When Disney bought (most of) the Muppets four years ago, many Muppets fans, including me, weren’t quite sure if we should be happy or sad. On the one hand, Disney had the resources and the marketing experience to really do great things with the Muppets, which the German media company that had previously owned them didn’t; but, on the other hand, the great thing about the Muppets had always been that their humor was mainly aimed at adults, and Disney’s always been best aiming at kids. Anyone who watched the first "Studio DC: Almost Live" special last month would not have been encouraged, since the humor was all aimed squarely at kids, and the show played like nothing more than a half-hour ad for Disney’s teen and tween stars. And they’re doing another one next month, which I dread, but my kids will insist on watching it.

I give Disney full marks for the "Muppet Show" DVD sets they’ve been releasing. My kids have watched nearly every episode of the three seasons released thus far, and they absolutely love them—my son even went as the Swedish Chef for Halloween last year. But they’re missing the point entirely about what made "The Muppet Show" and the better movies and even some episodes of "Muppets Tonight" so good, which was that the Muppets were always the stars of the show. What made the guest stars and movie cameos work so well was not that the Muppets were dealing with them, but that they were dealing with the Muppets. I don’t want to see Kermit on "Nightline" interviewing politicians; think how much better it would be if the "Nightline" anchors interviewed Kermit as though he were a politician. I don’t want to see Miss Piggy try to join the Jonas Brothers when it would be much funnier to have the Jonas Brothers try to sing in the middle of a loony "Muppet Show"-style sketch.

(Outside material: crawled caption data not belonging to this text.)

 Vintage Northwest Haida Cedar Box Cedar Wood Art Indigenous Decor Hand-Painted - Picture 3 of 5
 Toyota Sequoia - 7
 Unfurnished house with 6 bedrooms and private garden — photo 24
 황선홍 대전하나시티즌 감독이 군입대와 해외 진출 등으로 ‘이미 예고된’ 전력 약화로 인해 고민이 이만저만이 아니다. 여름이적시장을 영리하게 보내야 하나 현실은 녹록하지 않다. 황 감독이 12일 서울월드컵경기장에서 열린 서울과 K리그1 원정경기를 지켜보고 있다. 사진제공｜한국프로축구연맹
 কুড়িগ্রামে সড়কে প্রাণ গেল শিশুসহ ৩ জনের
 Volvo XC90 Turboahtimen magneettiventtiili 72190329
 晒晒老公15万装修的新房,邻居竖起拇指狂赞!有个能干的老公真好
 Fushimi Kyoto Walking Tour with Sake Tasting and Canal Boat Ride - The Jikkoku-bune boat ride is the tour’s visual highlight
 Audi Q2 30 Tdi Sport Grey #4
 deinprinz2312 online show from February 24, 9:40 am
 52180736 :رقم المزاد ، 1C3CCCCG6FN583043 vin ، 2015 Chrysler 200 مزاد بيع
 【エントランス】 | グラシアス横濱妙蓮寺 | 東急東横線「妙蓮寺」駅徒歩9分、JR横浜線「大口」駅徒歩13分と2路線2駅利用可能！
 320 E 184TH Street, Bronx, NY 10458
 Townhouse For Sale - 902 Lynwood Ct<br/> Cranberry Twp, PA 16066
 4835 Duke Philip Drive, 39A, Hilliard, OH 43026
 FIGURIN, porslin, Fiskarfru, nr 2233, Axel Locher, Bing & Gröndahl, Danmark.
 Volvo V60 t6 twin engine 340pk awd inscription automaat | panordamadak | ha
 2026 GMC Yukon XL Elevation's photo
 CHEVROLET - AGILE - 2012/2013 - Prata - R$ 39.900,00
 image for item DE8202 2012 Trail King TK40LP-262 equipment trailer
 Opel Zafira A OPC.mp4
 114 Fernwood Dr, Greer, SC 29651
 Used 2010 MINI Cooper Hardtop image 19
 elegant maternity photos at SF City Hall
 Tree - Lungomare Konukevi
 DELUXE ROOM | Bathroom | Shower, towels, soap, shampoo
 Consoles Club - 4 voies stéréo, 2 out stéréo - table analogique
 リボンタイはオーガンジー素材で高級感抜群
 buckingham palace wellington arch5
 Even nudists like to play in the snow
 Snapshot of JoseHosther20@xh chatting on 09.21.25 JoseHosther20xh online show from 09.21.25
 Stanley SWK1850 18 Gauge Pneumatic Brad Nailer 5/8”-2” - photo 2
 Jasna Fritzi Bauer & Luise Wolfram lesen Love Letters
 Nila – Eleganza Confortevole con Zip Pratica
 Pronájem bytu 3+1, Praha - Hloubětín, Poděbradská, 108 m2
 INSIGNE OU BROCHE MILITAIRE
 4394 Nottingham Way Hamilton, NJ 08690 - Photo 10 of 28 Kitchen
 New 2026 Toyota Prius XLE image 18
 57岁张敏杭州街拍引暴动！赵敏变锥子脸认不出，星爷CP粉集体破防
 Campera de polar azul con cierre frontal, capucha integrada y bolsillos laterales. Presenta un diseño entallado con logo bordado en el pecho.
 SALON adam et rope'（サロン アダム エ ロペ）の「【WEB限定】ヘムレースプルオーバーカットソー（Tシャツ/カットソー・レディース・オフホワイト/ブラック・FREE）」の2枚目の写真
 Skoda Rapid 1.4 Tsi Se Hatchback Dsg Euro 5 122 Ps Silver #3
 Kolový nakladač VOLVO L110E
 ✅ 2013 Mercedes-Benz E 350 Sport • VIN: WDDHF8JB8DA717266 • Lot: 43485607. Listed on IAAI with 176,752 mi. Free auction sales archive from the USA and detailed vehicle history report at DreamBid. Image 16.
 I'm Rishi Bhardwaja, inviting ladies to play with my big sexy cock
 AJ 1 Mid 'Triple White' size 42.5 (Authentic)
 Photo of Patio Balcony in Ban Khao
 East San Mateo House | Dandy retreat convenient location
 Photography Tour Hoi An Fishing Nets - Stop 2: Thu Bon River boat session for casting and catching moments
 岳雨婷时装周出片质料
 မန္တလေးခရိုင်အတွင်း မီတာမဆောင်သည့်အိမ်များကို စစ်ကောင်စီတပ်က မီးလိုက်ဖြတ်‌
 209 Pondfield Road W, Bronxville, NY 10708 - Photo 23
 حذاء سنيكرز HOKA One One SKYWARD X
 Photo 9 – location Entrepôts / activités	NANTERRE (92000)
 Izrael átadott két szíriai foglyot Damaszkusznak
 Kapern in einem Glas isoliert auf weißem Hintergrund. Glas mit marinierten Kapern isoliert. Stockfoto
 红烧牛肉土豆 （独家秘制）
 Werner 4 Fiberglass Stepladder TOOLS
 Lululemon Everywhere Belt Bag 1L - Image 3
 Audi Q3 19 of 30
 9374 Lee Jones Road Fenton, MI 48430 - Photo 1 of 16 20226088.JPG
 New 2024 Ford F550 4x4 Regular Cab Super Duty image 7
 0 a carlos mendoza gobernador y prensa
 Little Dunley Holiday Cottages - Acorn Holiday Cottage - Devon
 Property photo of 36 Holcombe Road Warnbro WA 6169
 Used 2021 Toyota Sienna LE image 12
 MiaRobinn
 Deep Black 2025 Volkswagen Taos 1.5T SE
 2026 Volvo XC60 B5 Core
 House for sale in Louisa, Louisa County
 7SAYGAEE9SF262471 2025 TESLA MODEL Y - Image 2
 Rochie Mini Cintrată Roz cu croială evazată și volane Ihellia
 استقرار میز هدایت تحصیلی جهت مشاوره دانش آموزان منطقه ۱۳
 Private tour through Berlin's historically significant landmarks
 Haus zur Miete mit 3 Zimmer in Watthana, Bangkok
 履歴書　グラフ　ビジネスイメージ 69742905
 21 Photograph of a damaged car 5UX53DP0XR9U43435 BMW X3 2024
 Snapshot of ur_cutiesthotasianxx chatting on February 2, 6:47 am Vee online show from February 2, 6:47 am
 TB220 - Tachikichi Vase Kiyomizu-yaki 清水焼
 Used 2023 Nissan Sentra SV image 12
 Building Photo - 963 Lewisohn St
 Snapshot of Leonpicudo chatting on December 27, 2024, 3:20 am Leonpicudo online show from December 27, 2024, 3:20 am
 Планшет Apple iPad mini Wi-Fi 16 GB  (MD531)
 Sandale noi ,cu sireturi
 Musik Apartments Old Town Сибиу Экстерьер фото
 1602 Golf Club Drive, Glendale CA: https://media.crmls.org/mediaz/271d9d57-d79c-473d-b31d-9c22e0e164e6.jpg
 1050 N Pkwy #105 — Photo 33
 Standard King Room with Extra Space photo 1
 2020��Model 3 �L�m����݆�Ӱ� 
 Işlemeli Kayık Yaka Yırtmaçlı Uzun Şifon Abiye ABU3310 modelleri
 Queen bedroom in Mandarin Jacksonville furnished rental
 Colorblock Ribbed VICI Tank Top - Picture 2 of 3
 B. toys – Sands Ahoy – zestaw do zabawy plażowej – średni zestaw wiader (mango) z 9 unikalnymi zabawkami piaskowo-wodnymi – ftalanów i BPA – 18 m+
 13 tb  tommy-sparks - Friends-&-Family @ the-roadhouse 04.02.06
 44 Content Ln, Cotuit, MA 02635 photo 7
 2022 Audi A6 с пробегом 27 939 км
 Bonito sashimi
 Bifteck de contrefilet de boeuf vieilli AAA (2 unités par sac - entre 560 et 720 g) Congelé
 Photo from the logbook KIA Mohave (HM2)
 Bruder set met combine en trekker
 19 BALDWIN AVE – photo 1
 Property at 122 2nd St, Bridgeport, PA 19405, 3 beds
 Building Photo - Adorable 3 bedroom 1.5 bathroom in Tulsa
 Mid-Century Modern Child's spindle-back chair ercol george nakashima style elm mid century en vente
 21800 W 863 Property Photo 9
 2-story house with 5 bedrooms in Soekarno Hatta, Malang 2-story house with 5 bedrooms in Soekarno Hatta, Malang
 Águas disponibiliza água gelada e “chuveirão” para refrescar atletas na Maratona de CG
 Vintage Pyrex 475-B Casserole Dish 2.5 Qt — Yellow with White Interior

So I’m glad to see more Muppet marketing, because I really want everyone in the next generation to love the Muppets as much as my wife and I, and now our kids, do. But I wish they’d stick to more of the kind of humor they’re doing in the short sketches on the Disney Video Muppets channel, which has some great new bits. Watch the videos there and buy the DVDs, and hope that Disney will see that they need to let the Muppets be the Muppets. What good will it do to get kids to like the Muppets if they lose their essential Muppetness in the process?